Memory Usage: Monitor both RAM and swap. Excessive swapping is a strong indicator of memory pressure.
Disk I/O Wait: High I/O wait times suggest storage bottlenecks, which can impact application responsiveness.
Network Traffic: Monitor inbound and outbound traffic to detect unusual patterns or potential network saturation.
Load Average: A general indicator of system load.

Implementing Node Exporter for Prometheus

Node Exporter is the de facto standard for collecting hardware and OS metrics for Prometheus. Deploying it on each OVH instance provides the necessary data.

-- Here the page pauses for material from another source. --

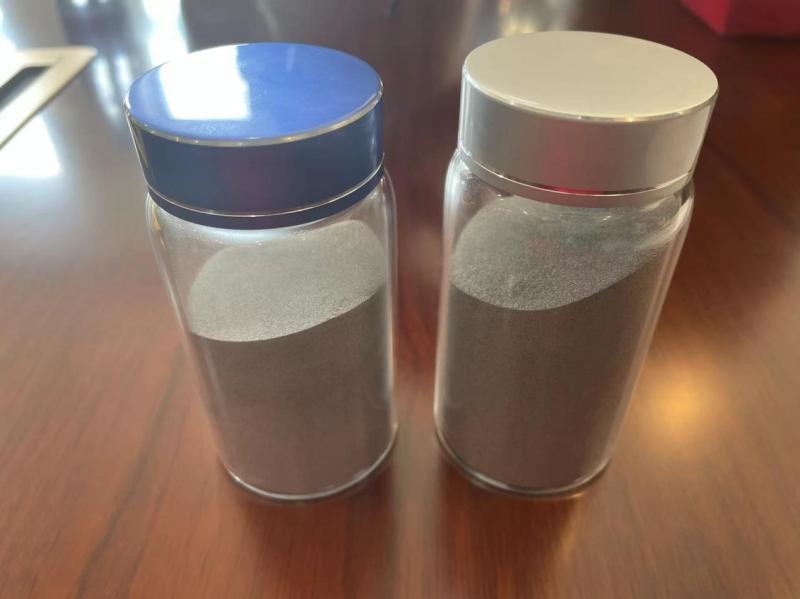 深学笃用 天津行动|着力践行制造强市 这条产业链在津迈进“高光”时刻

Installation and Configuration (Ubuntu/Debian)

Download the latest release, extract it, and run it as a service.

# Download the latest release (check https://prometheus.io/download/ for latest version)
wget https://github.com/prometheus/node_exporter/releases/download/v1.7.0/node_exporter-1.7.0.linux-amd64.tar.gz
tar xvfz node_exporter-1.7.0.linux-amd64.tar.gz
cd node_exporter-1.7.0.linux-amd64

# Create a systemd service file
sudo tee /etc/systemd/system/node_exporter.service <<EOF
[Unit]
Description=Node Exporter
Wants=network-online.target
After=network-online.target

[Service]
User=prometheus
Group=prometheus
Type=simple
ExecStart=/usr/local/bin/node_exporter

[Install]
WantedBy=multi-user.target
EOF

# Create user and group for node_exporter
sudo groupadd --system prometheus
sudo useradd --system --no-create-home --shell /bin/false -g prometheus prometheus

# Copy the binary
sudo cp node_exporter /usr/local/bin/

# Reload systemd, enable and start the service
sudo systemctl daemon-reload
sudo systemctl enable node_exporter
sudo systemctl start node_exporter

# Verify status
sudo systemctl status node_exporter

Prometheus Scrape Configuration

Add a job to your Prometheus configuration to scrape the Node Exporter instances running on your OVH servers.

# prometheus.yml
scrape_configs:
  - job_name: 'node_exporter'
    static_configs:
      - targets: ['ovh-server-1.example.com:9100', 'ovh-server-2.example.com:9100'] # Replace with your OVH server IPs/hostnames
    metrics_path: '/metrics'

Alerting Strategies for Production Readiness

Effective monitoring is incomplete without a robust alerting strategy. Alerts should be actionable, timely, and minimize noise. We’ll focus on setting up alerts for critical conditions across our Ruby app, DynamoDB, and OVH instances.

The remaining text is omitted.